**WHAT YOU ARE ASKED TO DO:** Leave out the pictures and repeat the data exactly.

[[ AVAILABLE DATA open ]]

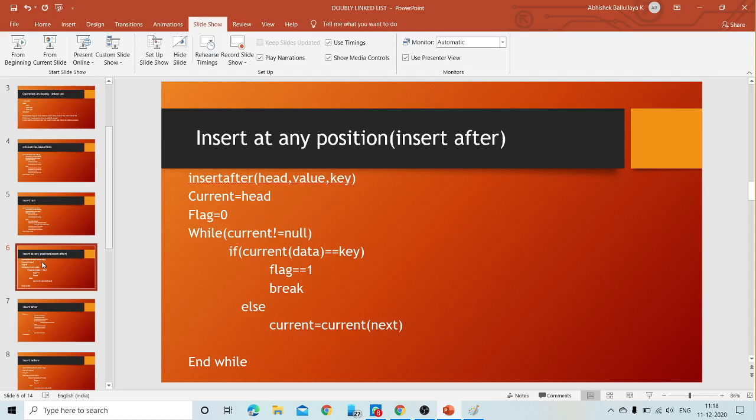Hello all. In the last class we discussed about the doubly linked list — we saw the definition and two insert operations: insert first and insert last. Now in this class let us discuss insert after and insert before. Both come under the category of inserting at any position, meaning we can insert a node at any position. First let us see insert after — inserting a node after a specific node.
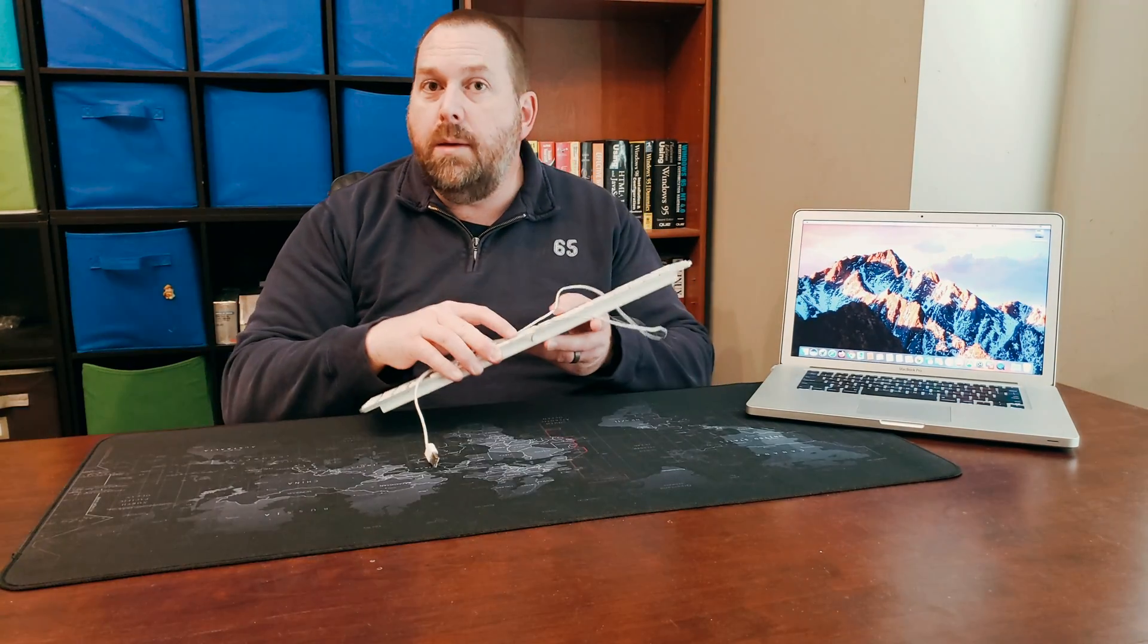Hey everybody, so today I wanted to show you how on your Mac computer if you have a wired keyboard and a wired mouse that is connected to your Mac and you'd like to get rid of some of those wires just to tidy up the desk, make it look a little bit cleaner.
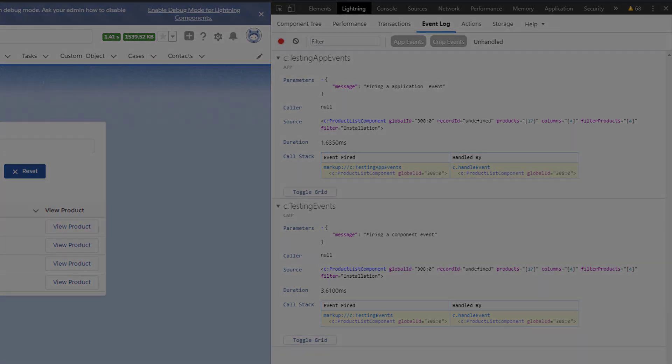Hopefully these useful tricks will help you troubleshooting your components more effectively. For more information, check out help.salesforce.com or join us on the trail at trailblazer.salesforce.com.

[[ AVAILABLE DATA closed ]]

**TASK OUTPUT:**
Hello all. In the last class we discussed about the doubly linked list — we saw the definition and two insert operations: insert first and insert last. Now in this class let us discuss insert after and insert before. Both come under the category of inserting at any position, meaning we can insert a node at any position. First let us see insert after — inserting a node after a specific node.
Hey everybody, so today I wanted to show you how on your Mac computer if you have a wired keyboard and a wired mouse that is connected to your Mac and you'd like to get rid of some of those wires just to tidy up the desk, make it look a little bit cleaner.
Hopefully these useful tricks will help you troubleshooting your components more effectively. For more information, check out help.salesforce.com or join us on the trail at trailblazer.salesforce.com.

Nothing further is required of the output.